The king of Buganda was due to travel to part of his kingdom on Saturday but a rival chief of the minority Banyala ethnic group said he would not allow the visit.  The central government then intervened, asking both sides to negotiate terms and not break the peace.

But the plan backfired, and supporters of the Buganda King rioted, blocking roads leading to the city, burning vehicles and attacking police stations.  Nine people have died so far.

Two Buganda radio stations have since been closed by the central government, as well as 3 other stations broadcasting in the local Buganda language.   Joshua Kyalimpa FSRN Kampala Uganda

Lebanese political crisis deepens as PM resigns; rocket fire into Israel resumes

Two rockets were fired into Israel today from southern Lebanon, a day after the resignation of the Lebanese Prime Minister designate.  This is the first rocket attack on Israel from Lebanon since the beginning of the year.  FSRN’s Jackson Allers has more from Beiruit.

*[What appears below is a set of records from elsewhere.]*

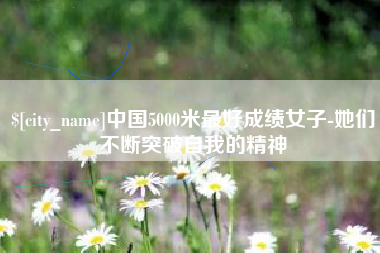 达州中国5000米最好成绩女子-她们不断突破自我的精神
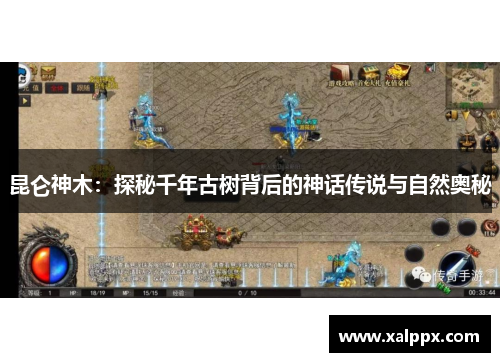 昆仑神木:探秘千年古树背后的神话传说与自然奥秘 昆仑神木:探秘千年古树背后的神话传说与自然奥秘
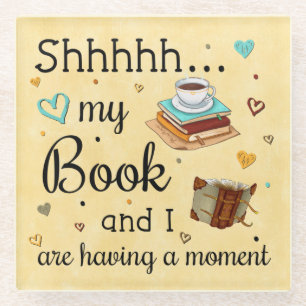 My Book And I Are Having A Moment Glass Coaster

The rockets were fired into Israel from the southern Lebanon port town of Tyre.  Israel responded with 14 rockets – sending up fighter jets into Lebanese airspace, Lebanese and Israeli media reported.  No group claimed responsibility for the attack.

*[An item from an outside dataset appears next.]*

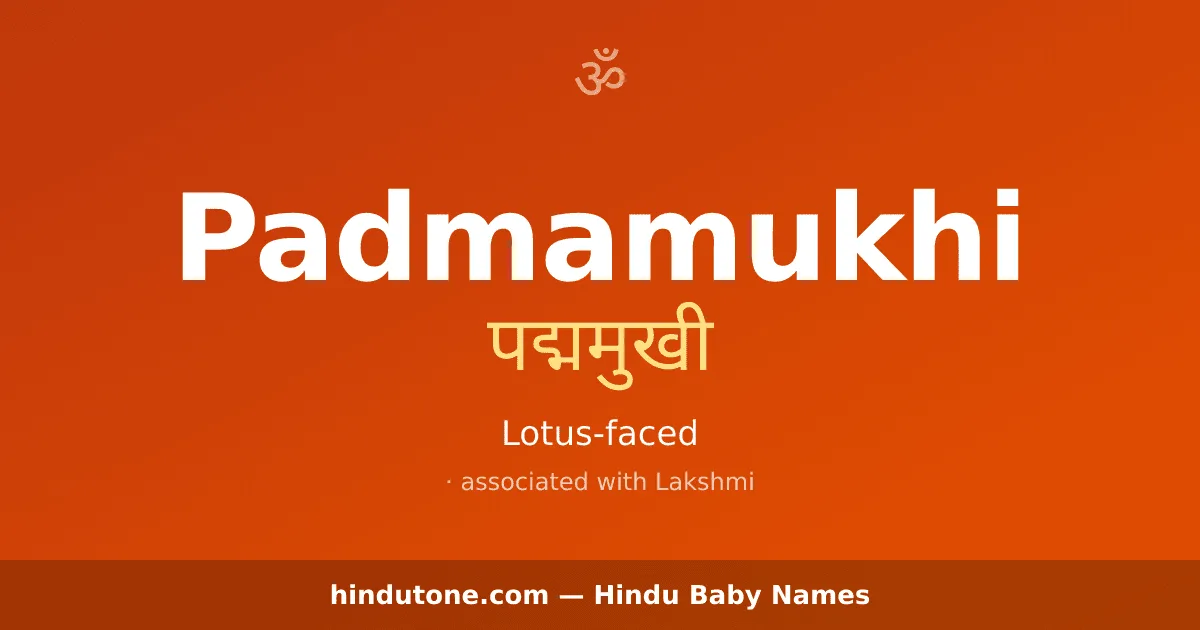 Padmamukhi — Hindu Girl Names with P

Meanwhile, prime minister designate, Saad Hariri, resigned after the Hezbollah-led opposition rejected his proposed cabinet.  The opposition lost to Hariri’s pro-western political majority in an election three months ago.  But it retained enough seats to have veto power in the cabinet.

Hariri said he hoped his resignation would restart political dialog between the two political camps, which are struggling for control of the country’s Telecom ministry.  Current privatization plans for the sector are expected to bring in $7 billion next year.  Jackson Allers, FSRN, Beirut.

GBR apologizes for “inhumane” treatment of Alan Turing

After receiving thousands of petition signatures from the public, the British government has issued an apology for the persecution of World War II era code breaker and mathematician Alan Turing, who was convicted of “gross indecency” in 1952 for being gay.  As part of his sentence, Turing was chemically castrated, and committed suicide two years later.  Turing’s efforts led to cracking the Nazi Enigma code, changing the tide in the war to the Allies’ favor.  He is also considered the father of modern computing.

A British Honorary consul in Jamaica was found beaten and strangled to death in his home, an attack preliminary information suggests could be a hate crime.  Sources report a note found by the body of John Terry referred to him in slang terms as a gay man.  Jamaica is considered one of the most violently homophobic countries in the world.

WA judge says anti-gay referendum signatures can be kept private

In other LGBT news, a federal judge has blocked release of the names of Washington state voters who signed a referendum to overturn the state’s new domestic partnership law.  For FSRN, Ann Dornfeld reports.

A judge in Tacoma granted a preliminary injunction to protect voters’ names and addresses from gay rights groups who requested the information.  The judge said the voters’ identities are probably protected by the First Amendment, which grants the right to anonymous speech.

Protect Marriage Washington sued to stop the release of names.  The consortium opposes the state’s new domestic partnership law, that’s called “everything but marriage,” for the wide range of marriage rights it grants to registered domestic partners.  Protect Marriage says revealing the identities of petition signers can make them targets of harassment and abuse.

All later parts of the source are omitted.